DATASET RECORDS
##############################

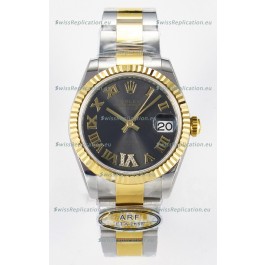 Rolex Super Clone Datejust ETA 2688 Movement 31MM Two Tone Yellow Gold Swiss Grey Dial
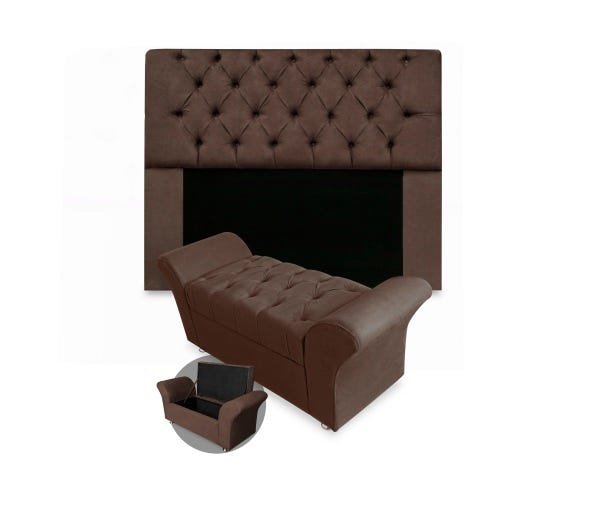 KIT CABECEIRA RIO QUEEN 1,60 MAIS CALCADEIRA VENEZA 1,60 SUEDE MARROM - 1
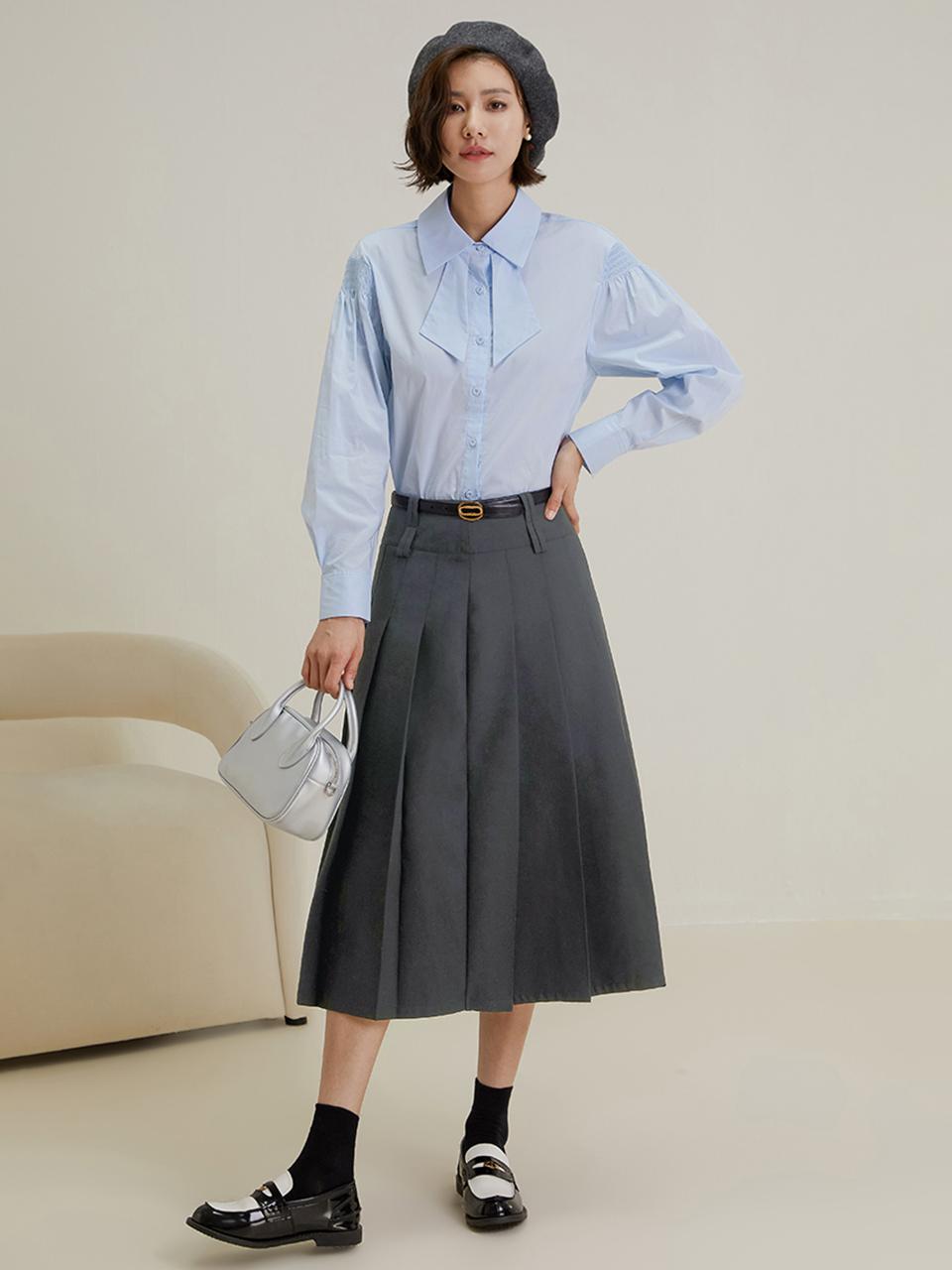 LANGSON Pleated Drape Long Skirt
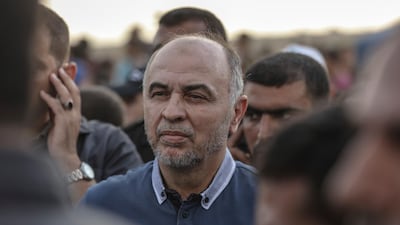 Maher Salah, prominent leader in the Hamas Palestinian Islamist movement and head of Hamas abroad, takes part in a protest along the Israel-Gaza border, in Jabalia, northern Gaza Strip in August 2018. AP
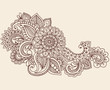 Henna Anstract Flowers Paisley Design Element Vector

##############################

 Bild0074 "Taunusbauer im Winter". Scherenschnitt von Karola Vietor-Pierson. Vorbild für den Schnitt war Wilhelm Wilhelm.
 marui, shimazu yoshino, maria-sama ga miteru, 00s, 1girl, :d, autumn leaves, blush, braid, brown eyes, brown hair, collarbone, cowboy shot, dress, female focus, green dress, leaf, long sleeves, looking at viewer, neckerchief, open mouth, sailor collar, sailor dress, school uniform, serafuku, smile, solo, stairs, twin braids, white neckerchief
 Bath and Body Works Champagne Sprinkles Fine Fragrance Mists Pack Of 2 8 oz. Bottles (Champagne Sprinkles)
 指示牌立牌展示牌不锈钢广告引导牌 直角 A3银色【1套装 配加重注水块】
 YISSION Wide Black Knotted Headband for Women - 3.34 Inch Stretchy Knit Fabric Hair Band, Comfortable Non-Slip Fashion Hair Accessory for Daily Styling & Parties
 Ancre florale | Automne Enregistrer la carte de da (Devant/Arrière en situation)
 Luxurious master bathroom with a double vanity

##############################

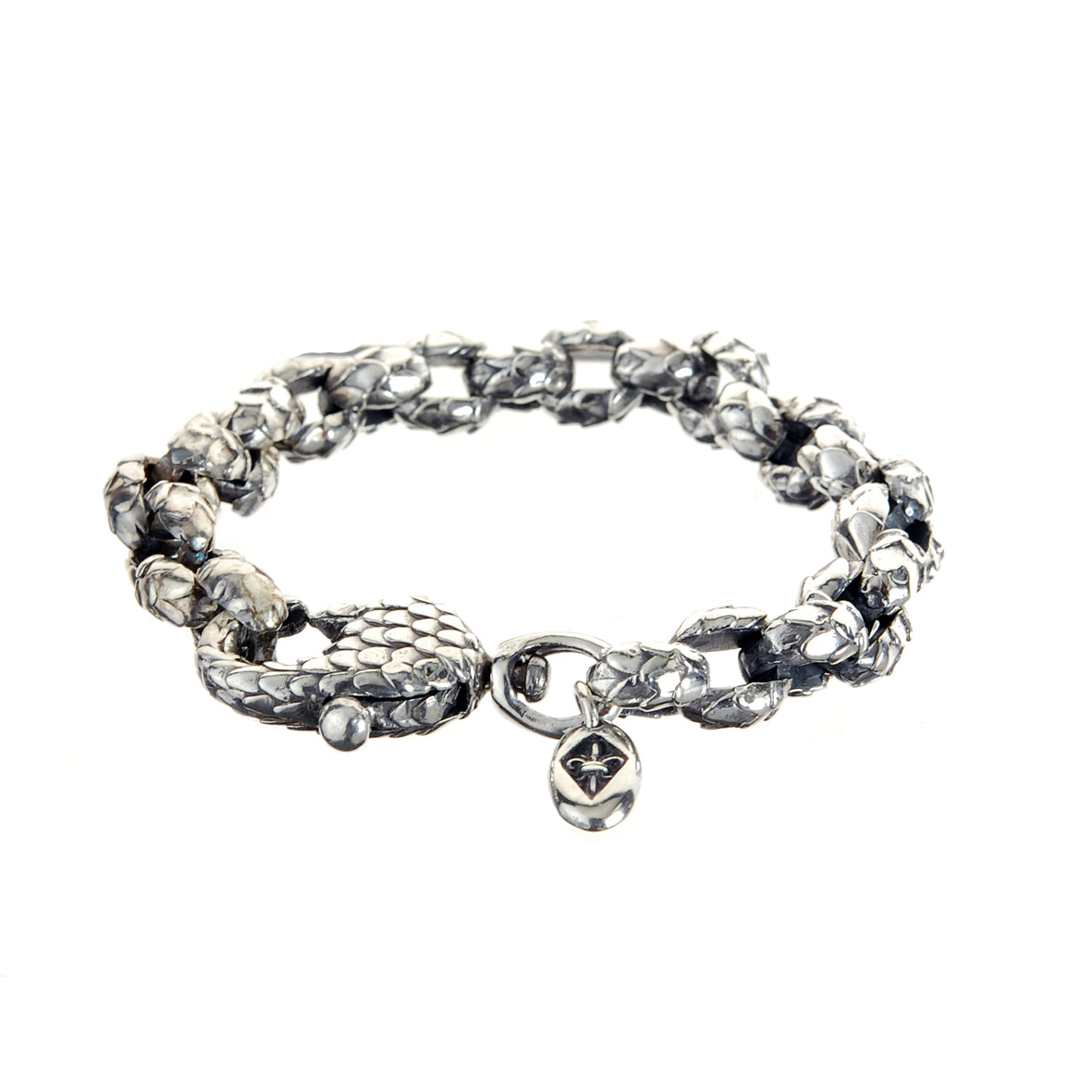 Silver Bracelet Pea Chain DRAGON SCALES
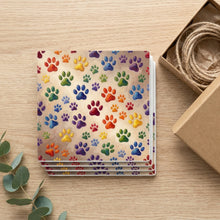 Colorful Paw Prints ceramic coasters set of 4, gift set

##############################

DIRECTIONS FOR THIS TASK
Copy word for word the span of the records above that begins at the line with "Rolex Super Clone" and ends at the line with "Henna Anstract Flowers", including those two lines but not the pictures.

ANSWER BELOW
 Rolex Super Clone Datejust ETA 2688 Movement 31MM Two Tone Yellow Gold Swiss Grey Dial
 KIT CABECEIRA RIO QUEEN 1,60 MAIS CALCADEIRA VENEZA 1,60 SUEDE MARROM - 1
 LANGSON Pleated Drape Long Skirt
 Maher Salah, prominent leader in the Hamas Palestinian Islamist movement and head of Hamas abroad, takes part in a protest along the Israel-Gaza border, in Jabalia, northern Gaza Strip in August 2018. AP
 Henna Anstract Flowers Paisley Design Element Vector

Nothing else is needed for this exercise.